政権の狭量さ ミス・ユニバース・タイ代表、反政府デモ支持でタイ保健省の大使解任

タイでは依然、新規のコロナ感染者確認が2桁台で続いているが、感染拡大は抑えられつつある。そこで一時期下火となった反政府運動が再び盛り上がろうとしている。

コロナ禍を利用し機会があれば同運動を抑え込もうとするプラユット政権は運動参加者や著名な者な反政府言動や国王の危行批判を不敬罪で逮捕したり、依然として抑圧姿勢を続けている。昨年1年は世界のパンデミックのなかでタイも何度かコロナ禍に見舞われてきたとはいえ、プラユット政権の不人気は相変わらずで、コロナ対策以外に何等目覚ましい成果を上げることがない。経済の低下についても無策をだらだら続け、非常大権を政権延命策に利用しているという評価はタイ国内で強い。

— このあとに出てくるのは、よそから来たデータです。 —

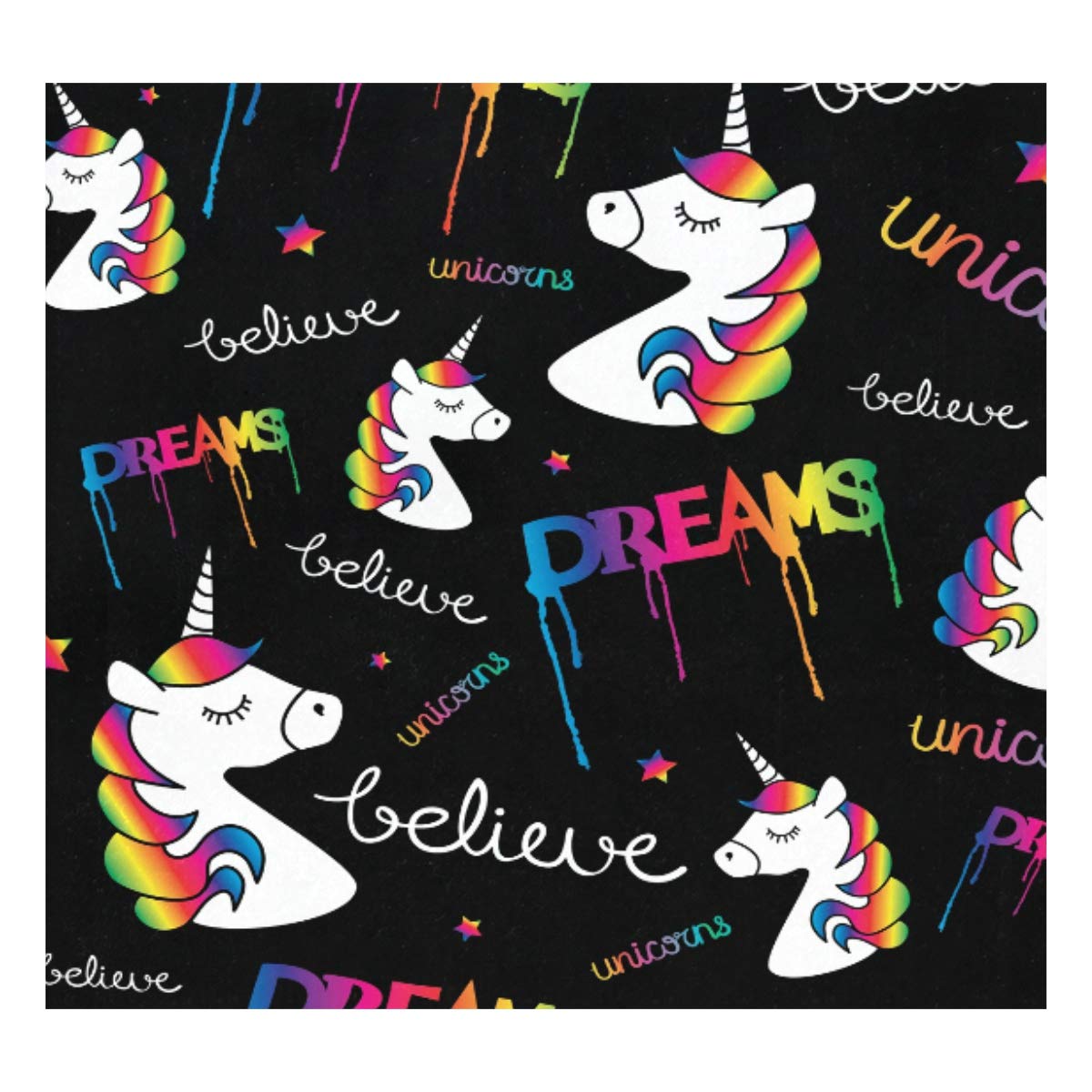 Taza de viaje aislada al vacío de acero inoxidable con doble pared a prueba de fugas, botella de taza mágica con diseño de unicornio personalizado impreso en piel auténtica, termo de 500 ml
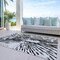 Homeroots 9' X 12' Ivory Black And Gray Abstract Washable Indoor Outdoor Area Rug 588014 - alternate 5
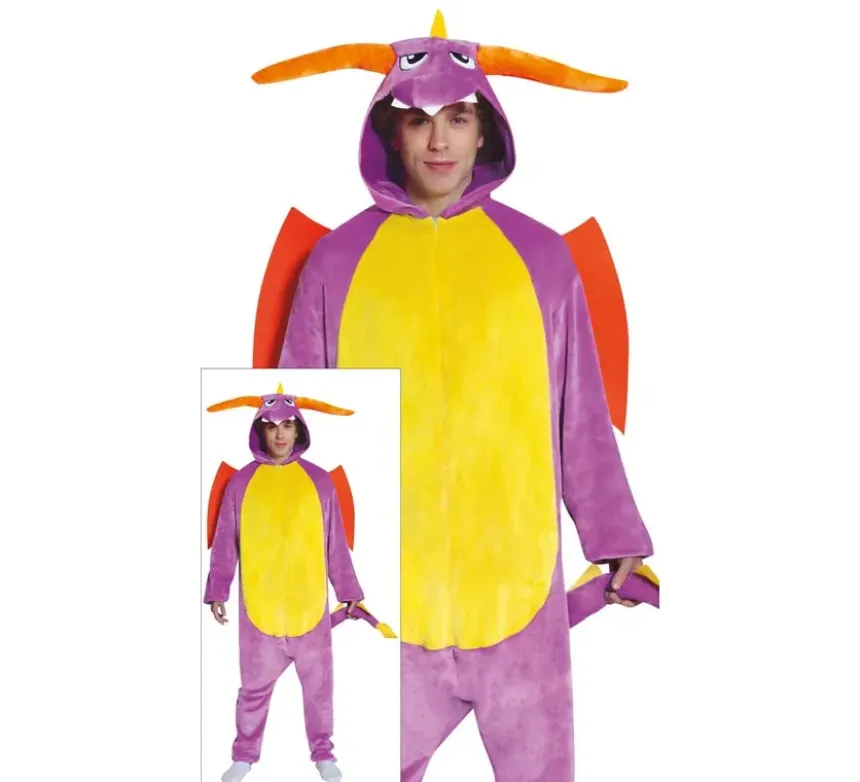 Costume del pigiama del drago per adulti
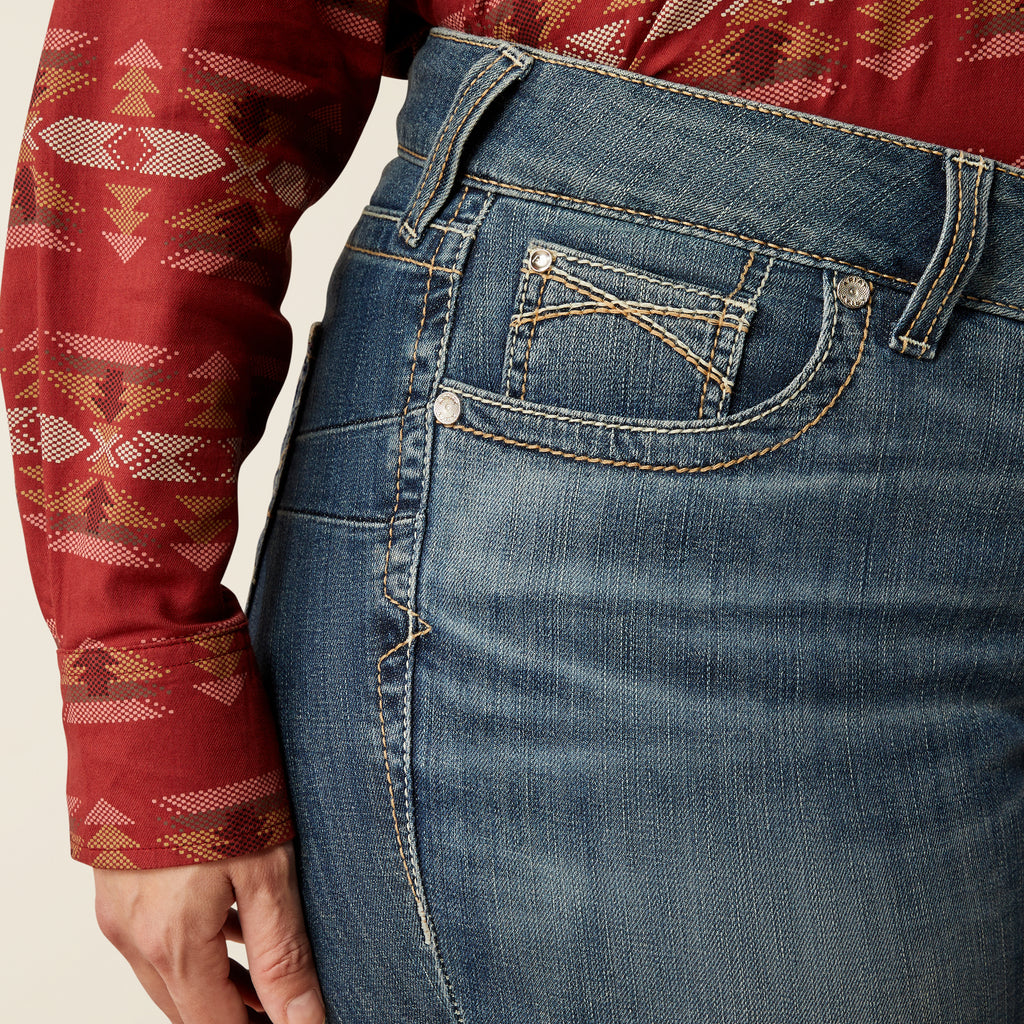 Women's Ariat Mid Rise Amora Boot Cut Jeans #10053527X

そんななか、タイ政権の不寛容さを示すような事件がこの3日、話題となった。政権の力量が問われる以前に軍事政権の硬直した姿勢そのものを見せていた

伝統衣装のアマンダさん

美しさにイデオロギーはないのに

昨年の2020年ミス・ユニバース・タイ代表のアマンダ・オープダムさんが2日、タイ保健省の精神衛生大使を解任された。アマンダさんはタイ王室改革などを訴える反政府デモを支持するコメントをインターネットの交流サイト(SNS)に投稿し、一部から批判を受けていたというが、たかがSNSの政権批判程度で解任する硬直姿勢を晒すことになった。

そうした硬直した政権だからこそ、2月1日の軍事クーデターで権力を簒奪したミャンマー軍事政権の外交官が先ず挨拶に出向いたのだタイなのだ。タイの軍事政権、ミャンマー共に政権の正統性が問われていて国民の多くから孤立している点で共通している

政権の力量が問われる 姑息な!

解任について、タイ保健省精神衛生局は「アマンダさんの起用が国民を不愉快にさせる恐れがあったため」と説明。アマンダさんは「民主主義に大切なのは平等」などと訴え、今後も活動を継続すると話した。不愉快なのは時の政権であることは明らか、そのための意趣返しが名誉職の解任である。

たかがSNSで信条を述べただけのアマンダさん

タイの軍事政権であるプラユット政権と国王の奇行残忍さで幾度なく国民に銃を向けたミャンマー政権で蜜月づくりは、国民からの遊離と孤立感を浮き上がらせる。ごくごく普通の意見表明さえ目くじらを立てるのは、国連特使から「このままではミャンマーは孤立しますよ。」と警告されても、ミャンマー軍部は「少なくとも友好国と付き合っていく」と答えたとういうが、タイもまた同様の居直りを続けながら、国民からの孤立感に苛立っている。

それがミス・ユニバース・タイ代表 2020の名誉職解任という形でその狭量さを内外に示したことになる。